Nowo opracowany i uproszczony model predykcyjny — POST (Prediction Of the Severity of Tinnitus) — okazał się bardzo skuteczny. Na grupie niezależnych uczestników z bazy Tinnitus Research Initiative, model uzyskał wskaźnik AUC aż 0,94, co świadczy o bardzo dużej dokładności w identyfikacji pacjentów zagrożonych przejściem z łagodnej formy do silnie dolegliwej. Wystarczyło zaledwie sześć parametrów dotyczących nastroju, snu, słuchu i cech osobowości, by osiągnąć taką trafność.
Wyniki te mają potencjał do praktycznego wdrożenia w codziennej pracy lekarzy podstawowej opieki zdrowotnej oraz specjalistów. Dzięki wykorzystaniu POST możliwe stanie się szybkie wytypowanie pacjentów najbardziej narażonych na rozwój ciężkich postaci szumów usznych i skierowanie ich na odpowiednie leczenie objawowe, psychoterapię lub rehabilitację słuchu. To również nadzieja na bardziej efektywne zarządzanie ograniczonymi zasobami w służbie zdrowia oraz zwiększenie skuteczności opieki nad pacjentami.

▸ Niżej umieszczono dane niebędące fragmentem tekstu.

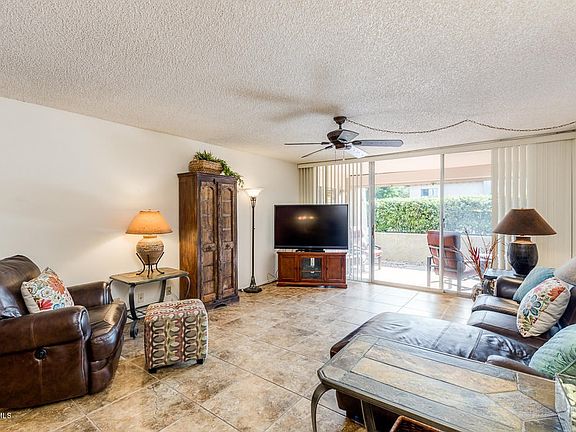 LARGEST MAYA FLOORPLAN AT 1140 SQ. FT.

Warto jednak zaznaczyć, że badanie nie jest pozbawione ograniczeń. Po pierwsze, baza UK Biobank zawiera dane głównie osób rasy białej (91%), więc możliwości uogólniania wyników na bardziej zróżnicowane etnicznie populacje są ograniczone. Nie uwzględniono również zjawiska hiperakuzji — nadmiernej wrażliwości na dźwięki — które często współwystępuje z szumami usznymi i może intensyfikować ich objawy. Ponadto modele wyjaśniają zaledwie część zmienności (około 12,5% w przypadku obecności i 9,2% dla nasilenia), co sugeruje, że do pełnego obrazu potrzebne są nowe czynniki biologiczne i środowiskowe.
Mimo pewnych ograniczeń, prezentowane badanie stanowi ważny krok w kierunku lepszego zrozumienia szumów usznych i ich mechanizmów, wskazując na konieczność holistycznego podejścia uwzględniającego nie tylko fizyczne, ale również psychologiczne i środowiskowe aspekty tego zjawiska. Wyniki przynoszą nadzieję na wcześniejszą diagnostykę, skuteczniejsze leczenie oraz poprawę jakości życia osób cierpiących z powodu tej uciążliwej przypadłości.